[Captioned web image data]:
********
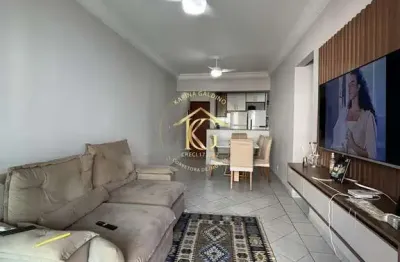 Apartamento a venda Mobiliado de 2 Quartos e 1 Suíte em Aviação, Praia Grande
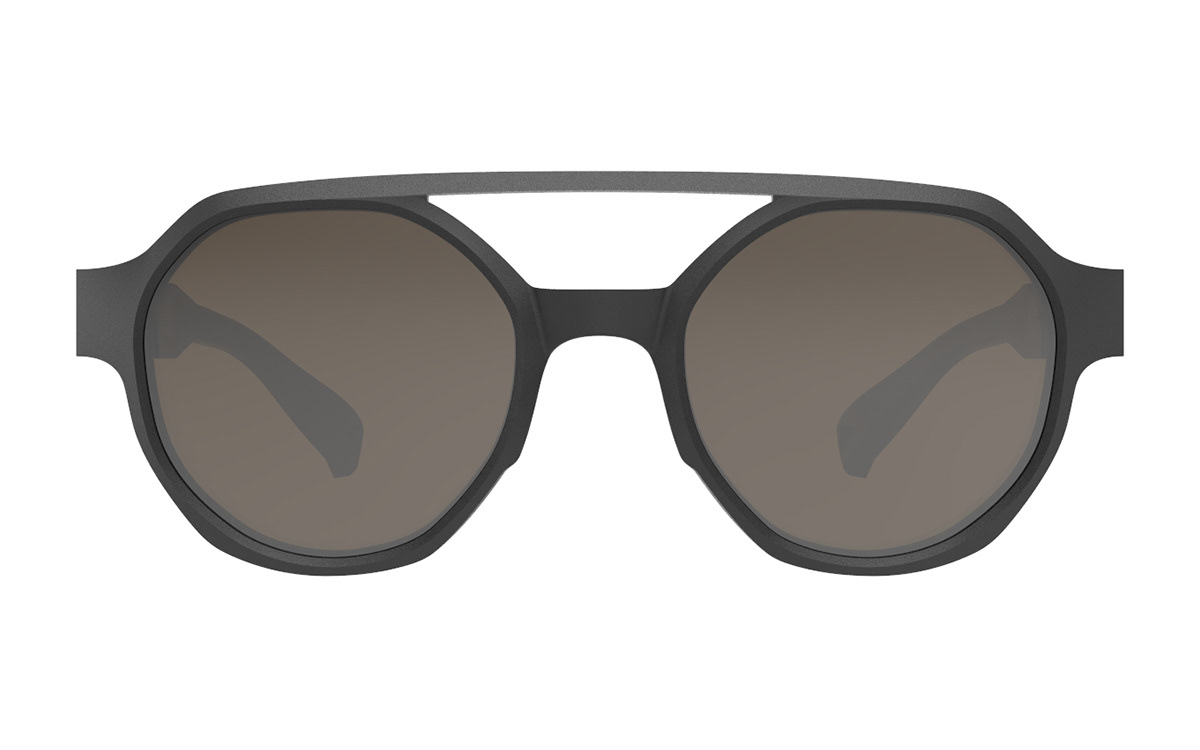 3D 3d printing design product product design  Sunglasses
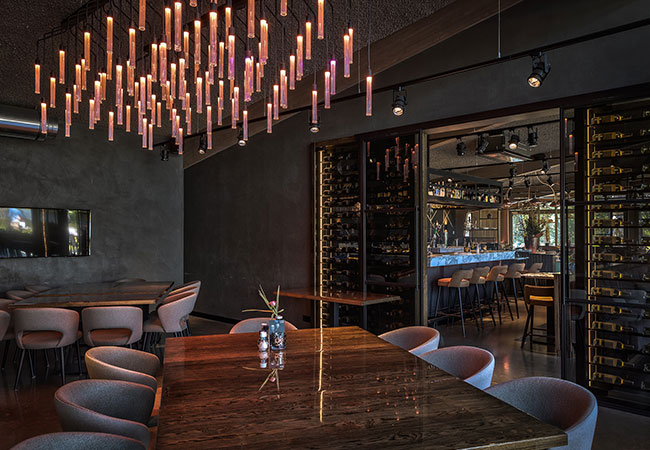 Maatwerk hanglamp bowen eettafel-
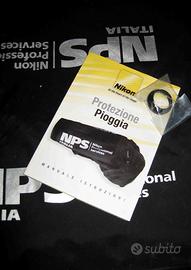 Nikon PROTEZIONE PIOGGIA FOTOCAMERE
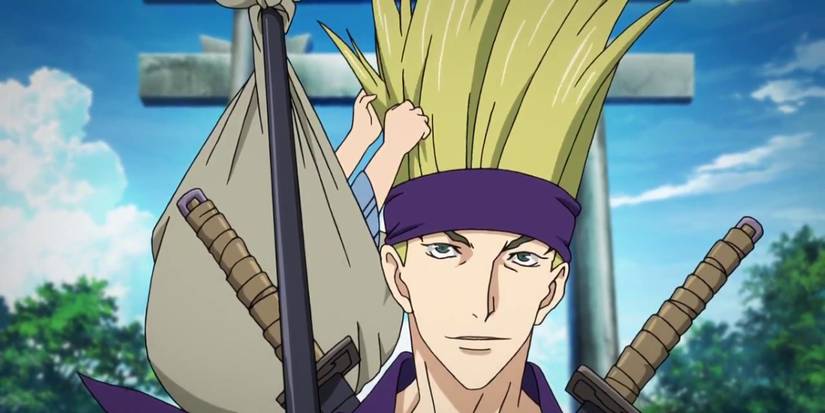 Cho Sawagejo in Rurouni Kenshin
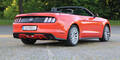 Offener Ford Mustang V8 GT im Test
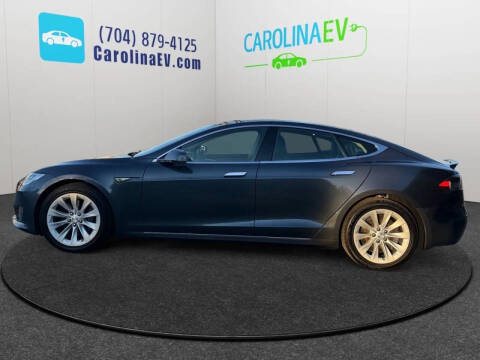 2016 Tesla Model S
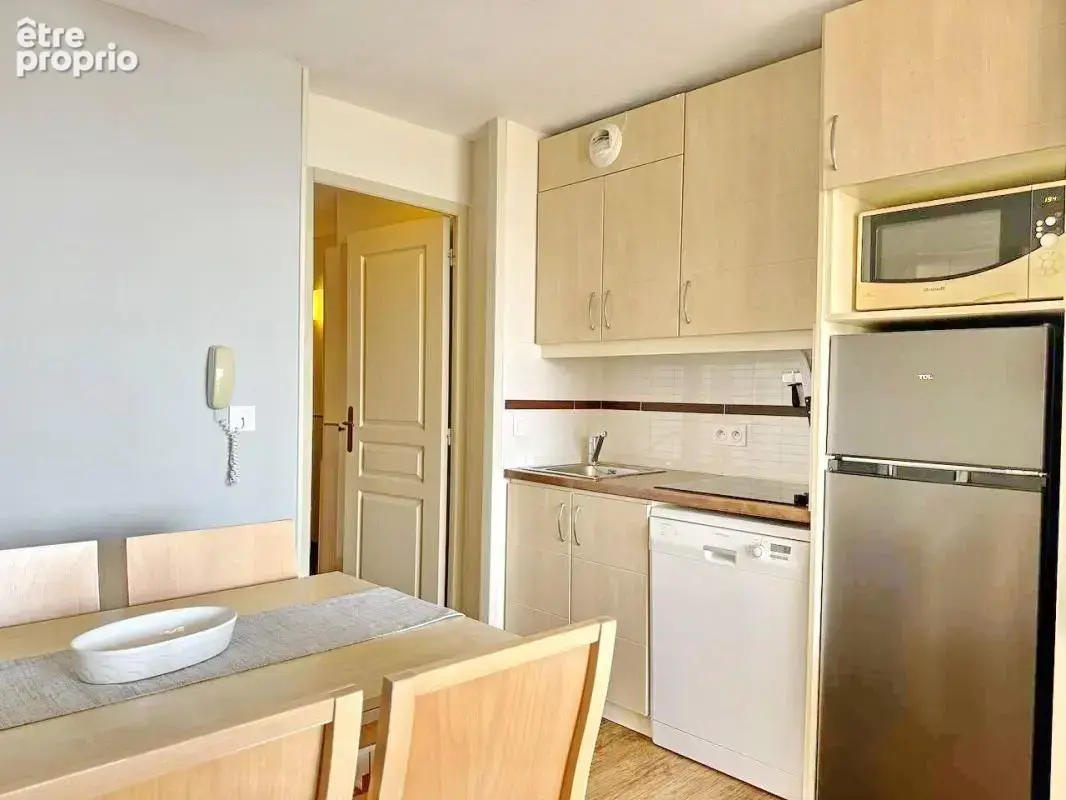  Cannes Croix des Gardes — 2/3 pièces 38 m², vue mer, dernier étage - photo 6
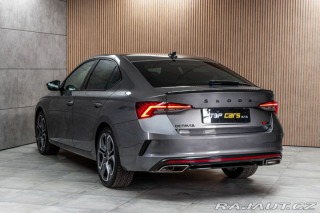 Škoda Octavia RS 2.0 TSI 180kW *DPH*ČR 2022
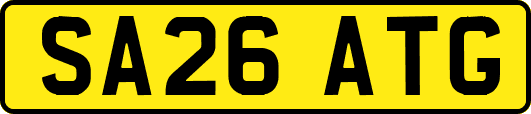 SA26ATG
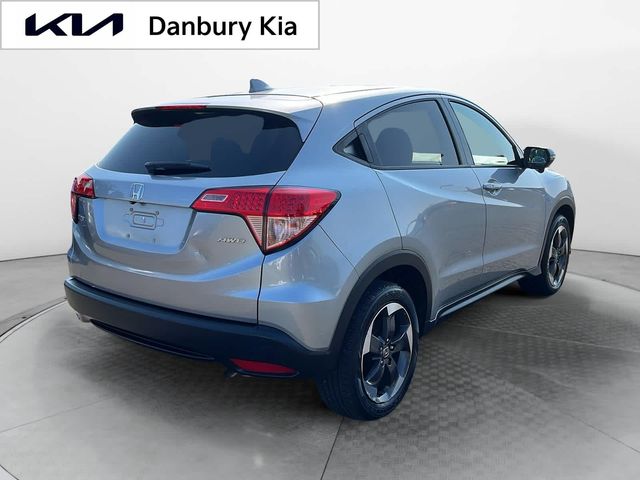 2018 Honda HR-V EX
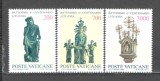 Vatican.1987 600 ani crestinarea Lituaniei SV.564, Nestampilat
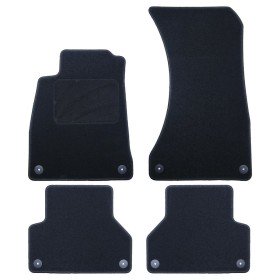 Set de Alfombrillas para Coche Momo MOMLCM4FUBR Universal 4 Piezas | Tienda24 - Global Online Shop Tienda24.eu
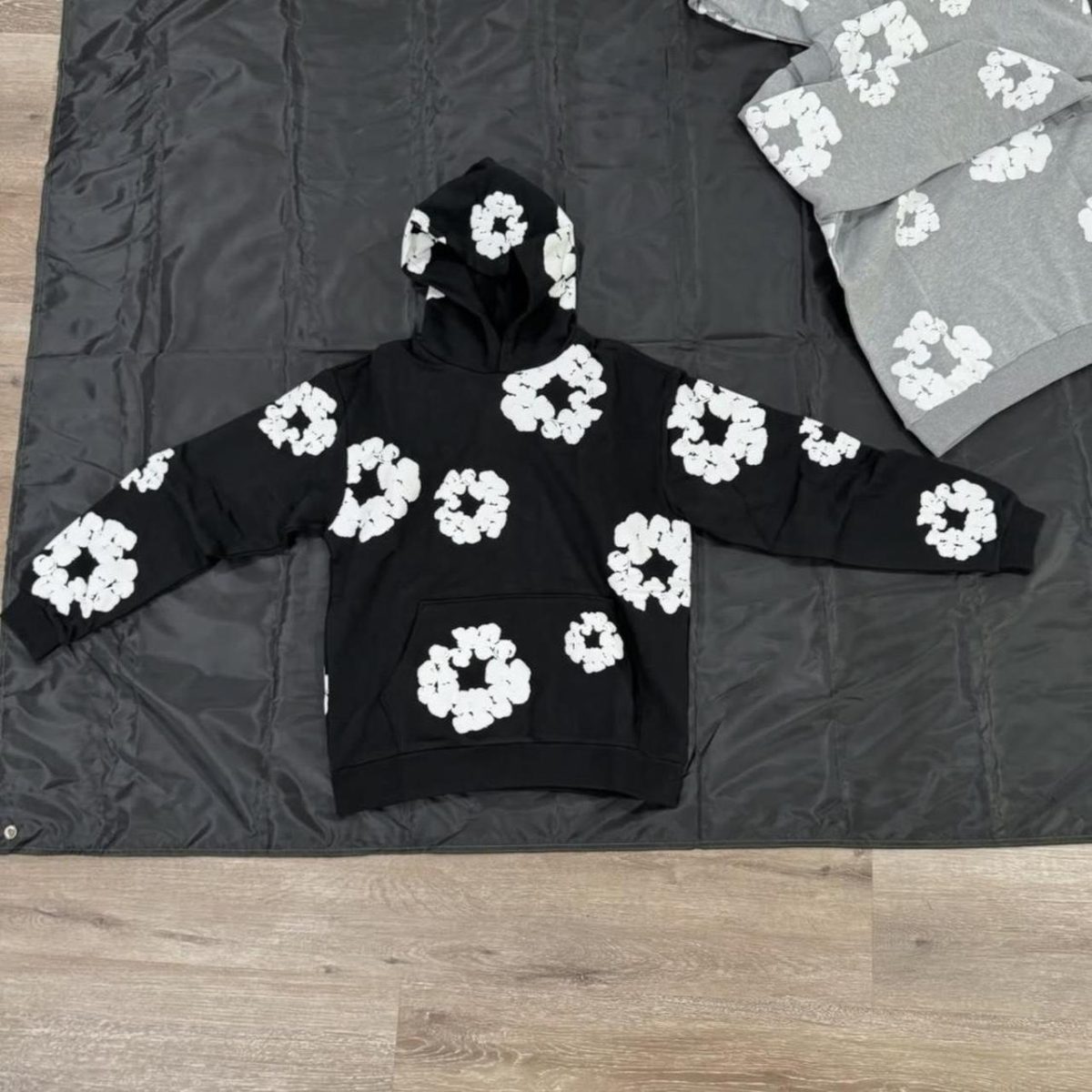 Denim Tears Men's multi Hoodie - Image 1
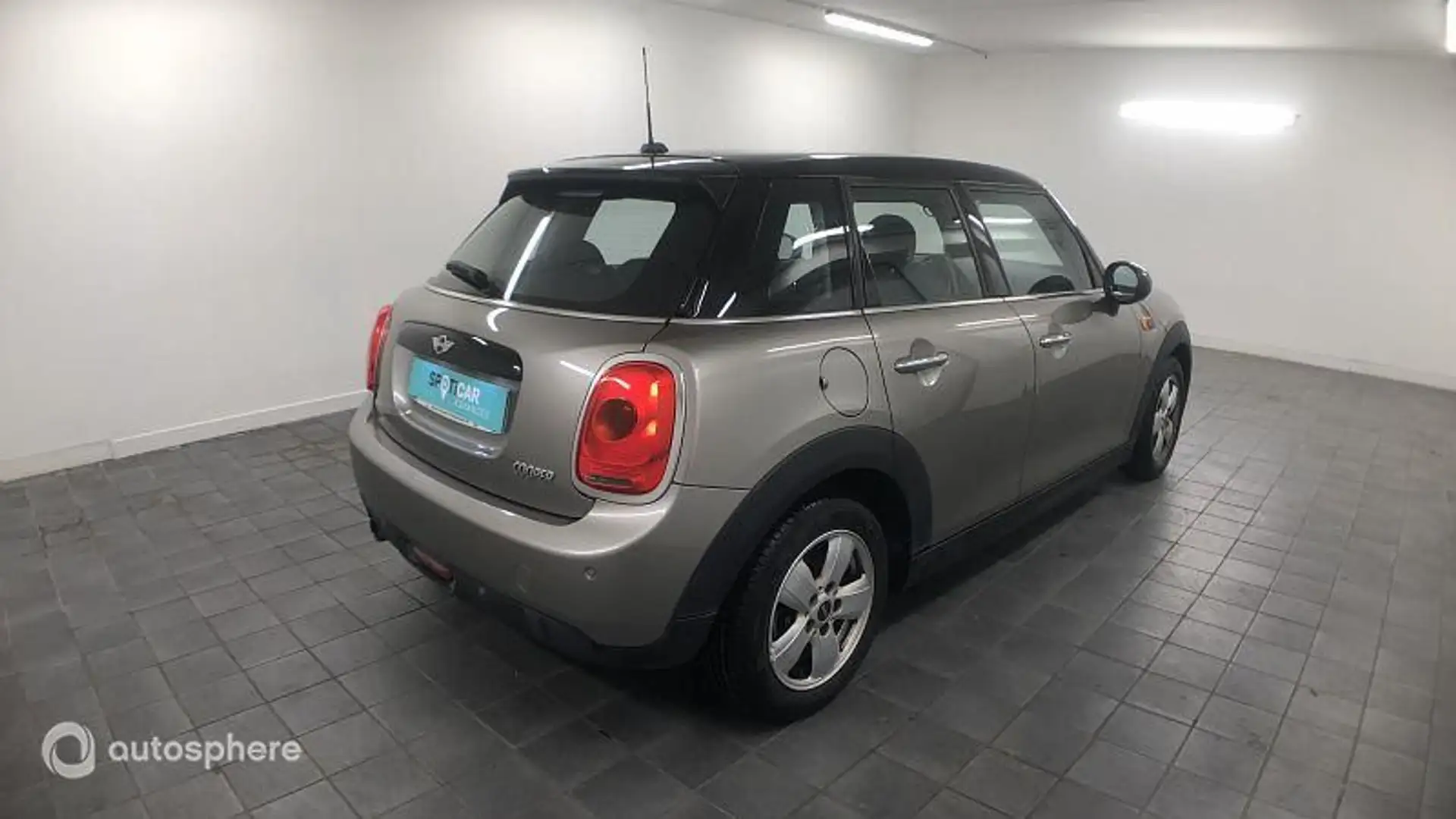 MINI Cooper Cooper 136ch - 2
********
[YOUR GOAL]:
A word-for-word copy is needed of the lines from the line holding "2018 Honda HR-V EX" through the end of the records, both included, excluding every picture.

[OUTPUT FOR THIS TASK]:
 2018 Honda HR-V EX
 Vatican.1987 600 ani crestinarea Lituaniei SV.564, Nestampilat
 Set de Alfombrillas para Coche Momo MOMLCM4FUBR Universal 4 Piezas | Tienda24 - Global Online Shop Tienda24.eu
 Denim Tears Men's multi Hoodie - Image 1
 MINI Cooper Cooper 136ch - 2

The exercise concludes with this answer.